En synthèse – c’est vraiment le cas de le dire – les passages mentionnés ci-dessus prouvent que la dynamique qui tissera les travaux du Synode sera la suivante : quelques hommes idéologisés dirigeront le consensus de la majorité, et donc le principe majoritaire ne sera brandi que pour se mettre à l’abri de la critique d’autoritarisme. Cette minorité hautement qualifiée prendra en compte les demandes des minorités sociales hétérodoxes. Par un processus dialectique, tout se tiendra – du mariage aux unions homosexuelles, du célibat à l’absence de célibat pour ceux qui veulent choisir cette voie, des femmes ordonnées aux femmes non ordonnées – et donc tout disparaîtra car, par exemple, si toute relation affective est le mariage, le mariage en tant qu’institution disparaîtra.
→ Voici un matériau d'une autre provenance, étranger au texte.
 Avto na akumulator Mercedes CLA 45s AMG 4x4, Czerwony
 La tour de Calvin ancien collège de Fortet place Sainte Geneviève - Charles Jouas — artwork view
Il faut cependant noter que nous n’en sommes qu’au début de ce processus dialectique. Il est fort probable que les deux années du Synode ne se termineront pas, par exemple, par l’acceptation pastorale, claire et explicite de l’homosexualité et des femmes prêtres (doctrinalement, aucun changement ne pourra jamais avoir lieu car il s’agit de dogmes irréformables), mais ces deux années serviront à initier des processus, tout aussi dialectiques, pour que ces objectifs et d’autres puissent devenir une réalité sociale dans l’Église du futur.